__Data for this exercise__:

━━━━━━━━━━━━━━━━

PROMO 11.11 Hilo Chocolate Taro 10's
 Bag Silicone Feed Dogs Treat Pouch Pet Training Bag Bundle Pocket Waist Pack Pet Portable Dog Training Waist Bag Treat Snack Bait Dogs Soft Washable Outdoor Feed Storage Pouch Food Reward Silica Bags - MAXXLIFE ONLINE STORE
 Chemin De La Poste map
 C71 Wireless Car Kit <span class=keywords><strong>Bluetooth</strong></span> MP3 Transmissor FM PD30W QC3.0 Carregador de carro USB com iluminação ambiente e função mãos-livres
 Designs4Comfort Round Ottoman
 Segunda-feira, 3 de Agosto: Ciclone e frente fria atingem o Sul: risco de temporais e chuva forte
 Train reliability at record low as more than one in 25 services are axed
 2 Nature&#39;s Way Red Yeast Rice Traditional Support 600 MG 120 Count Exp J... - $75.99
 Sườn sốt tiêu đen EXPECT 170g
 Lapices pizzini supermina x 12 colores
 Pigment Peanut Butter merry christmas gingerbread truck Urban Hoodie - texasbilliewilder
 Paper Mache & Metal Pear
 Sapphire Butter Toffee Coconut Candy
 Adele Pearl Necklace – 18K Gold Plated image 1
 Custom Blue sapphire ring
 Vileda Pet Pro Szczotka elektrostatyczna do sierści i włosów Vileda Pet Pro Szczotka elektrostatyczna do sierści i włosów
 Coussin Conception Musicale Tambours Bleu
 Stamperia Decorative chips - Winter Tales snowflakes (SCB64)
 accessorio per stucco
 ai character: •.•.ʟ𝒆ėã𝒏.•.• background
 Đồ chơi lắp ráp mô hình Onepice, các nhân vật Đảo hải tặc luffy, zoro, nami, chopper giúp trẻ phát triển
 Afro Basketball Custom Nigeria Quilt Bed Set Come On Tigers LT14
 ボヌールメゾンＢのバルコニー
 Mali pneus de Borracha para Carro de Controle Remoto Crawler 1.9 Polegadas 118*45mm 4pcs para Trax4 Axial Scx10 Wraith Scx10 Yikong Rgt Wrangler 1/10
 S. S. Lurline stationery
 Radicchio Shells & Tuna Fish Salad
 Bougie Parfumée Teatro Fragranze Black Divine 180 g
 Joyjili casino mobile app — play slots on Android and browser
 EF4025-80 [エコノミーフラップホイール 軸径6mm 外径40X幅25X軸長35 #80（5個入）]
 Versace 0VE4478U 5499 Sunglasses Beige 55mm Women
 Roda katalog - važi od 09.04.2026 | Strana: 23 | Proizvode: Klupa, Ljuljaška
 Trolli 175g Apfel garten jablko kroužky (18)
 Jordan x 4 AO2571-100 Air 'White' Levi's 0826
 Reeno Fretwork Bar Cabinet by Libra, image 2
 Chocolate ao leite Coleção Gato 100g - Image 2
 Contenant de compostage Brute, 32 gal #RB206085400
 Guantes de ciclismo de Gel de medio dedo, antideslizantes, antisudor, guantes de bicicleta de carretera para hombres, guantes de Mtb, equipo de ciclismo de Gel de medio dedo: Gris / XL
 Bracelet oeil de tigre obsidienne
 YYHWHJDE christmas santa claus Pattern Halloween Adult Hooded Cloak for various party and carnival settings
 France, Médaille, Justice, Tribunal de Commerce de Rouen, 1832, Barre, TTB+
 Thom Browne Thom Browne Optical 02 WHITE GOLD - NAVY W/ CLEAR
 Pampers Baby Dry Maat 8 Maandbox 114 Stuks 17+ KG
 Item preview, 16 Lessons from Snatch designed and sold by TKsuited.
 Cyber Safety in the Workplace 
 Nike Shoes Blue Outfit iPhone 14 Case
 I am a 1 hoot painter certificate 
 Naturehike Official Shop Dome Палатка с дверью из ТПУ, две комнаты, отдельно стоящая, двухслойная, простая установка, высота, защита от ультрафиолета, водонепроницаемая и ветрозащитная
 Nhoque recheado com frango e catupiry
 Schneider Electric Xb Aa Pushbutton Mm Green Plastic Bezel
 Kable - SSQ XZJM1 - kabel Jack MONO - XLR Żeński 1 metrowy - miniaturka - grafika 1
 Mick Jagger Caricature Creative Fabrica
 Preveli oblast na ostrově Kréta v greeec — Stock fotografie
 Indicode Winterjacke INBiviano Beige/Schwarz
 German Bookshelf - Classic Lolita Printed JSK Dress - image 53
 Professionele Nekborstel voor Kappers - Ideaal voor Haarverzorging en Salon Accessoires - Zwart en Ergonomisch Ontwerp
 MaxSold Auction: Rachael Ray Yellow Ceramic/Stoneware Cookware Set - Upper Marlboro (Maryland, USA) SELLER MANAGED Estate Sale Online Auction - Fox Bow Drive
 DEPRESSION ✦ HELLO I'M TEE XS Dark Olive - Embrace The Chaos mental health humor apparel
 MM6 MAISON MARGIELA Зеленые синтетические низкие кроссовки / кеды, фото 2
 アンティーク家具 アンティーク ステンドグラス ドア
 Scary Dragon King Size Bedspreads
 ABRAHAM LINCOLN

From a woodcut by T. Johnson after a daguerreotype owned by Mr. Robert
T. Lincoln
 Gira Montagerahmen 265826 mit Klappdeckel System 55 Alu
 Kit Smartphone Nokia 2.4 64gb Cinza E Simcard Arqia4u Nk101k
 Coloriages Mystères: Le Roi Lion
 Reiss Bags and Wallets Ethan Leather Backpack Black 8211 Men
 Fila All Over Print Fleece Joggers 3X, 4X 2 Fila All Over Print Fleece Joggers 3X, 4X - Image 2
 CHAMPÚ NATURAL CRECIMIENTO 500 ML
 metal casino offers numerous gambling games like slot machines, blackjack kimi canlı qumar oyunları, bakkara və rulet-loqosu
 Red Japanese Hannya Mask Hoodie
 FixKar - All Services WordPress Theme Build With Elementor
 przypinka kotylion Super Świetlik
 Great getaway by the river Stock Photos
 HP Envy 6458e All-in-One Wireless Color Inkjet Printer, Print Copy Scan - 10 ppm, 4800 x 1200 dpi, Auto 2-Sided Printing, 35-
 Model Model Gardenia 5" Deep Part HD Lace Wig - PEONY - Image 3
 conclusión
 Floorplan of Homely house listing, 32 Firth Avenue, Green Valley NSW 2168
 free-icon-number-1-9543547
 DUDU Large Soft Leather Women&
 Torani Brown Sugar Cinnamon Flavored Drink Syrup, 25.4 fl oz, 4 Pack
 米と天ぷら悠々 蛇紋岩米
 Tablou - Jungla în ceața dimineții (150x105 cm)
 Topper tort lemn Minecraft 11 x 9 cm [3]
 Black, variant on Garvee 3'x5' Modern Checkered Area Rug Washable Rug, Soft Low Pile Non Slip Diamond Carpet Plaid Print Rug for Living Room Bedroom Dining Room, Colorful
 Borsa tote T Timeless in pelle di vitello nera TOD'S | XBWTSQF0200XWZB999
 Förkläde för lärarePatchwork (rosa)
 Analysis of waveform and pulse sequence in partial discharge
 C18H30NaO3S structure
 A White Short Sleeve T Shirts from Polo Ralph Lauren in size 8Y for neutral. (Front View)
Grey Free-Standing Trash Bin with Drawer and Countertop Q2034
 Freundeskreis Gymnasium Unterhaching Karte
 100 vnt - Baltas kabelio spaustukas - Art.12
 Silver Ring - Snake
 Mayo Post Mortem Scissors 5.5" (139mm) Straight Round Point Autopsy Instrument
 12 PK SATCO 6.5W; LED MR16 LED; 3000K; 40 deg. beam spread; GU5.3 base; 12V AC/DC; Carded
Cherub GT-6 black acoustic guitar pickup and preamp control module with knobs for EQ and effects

━━━━━━━━━━━━━━━━

__Task instructions__:
Copy range, inclusive: the line holding "Mick Jagger Caricature Creative Fabrica" to the line holding "Professionele Nekborstel voor". Reproduce exactly those lines of the records above and no others.

__Final answer__:
 Mick Jagger Caricature Creative Fabrica
 Preveli oblast na ostrově Kréta v greeec — Stock fotografie
 Indicode Winterjacke INBiviano Beige/Schwarz
 German Bookshelf - Classic Lolita Printed JSK Dress - image 53
 Professionele Nekborstel voor Kappers - Ideaal voor Haarverzorging en Salon Accessoires - Zwart en Ergonomisch Ontwerp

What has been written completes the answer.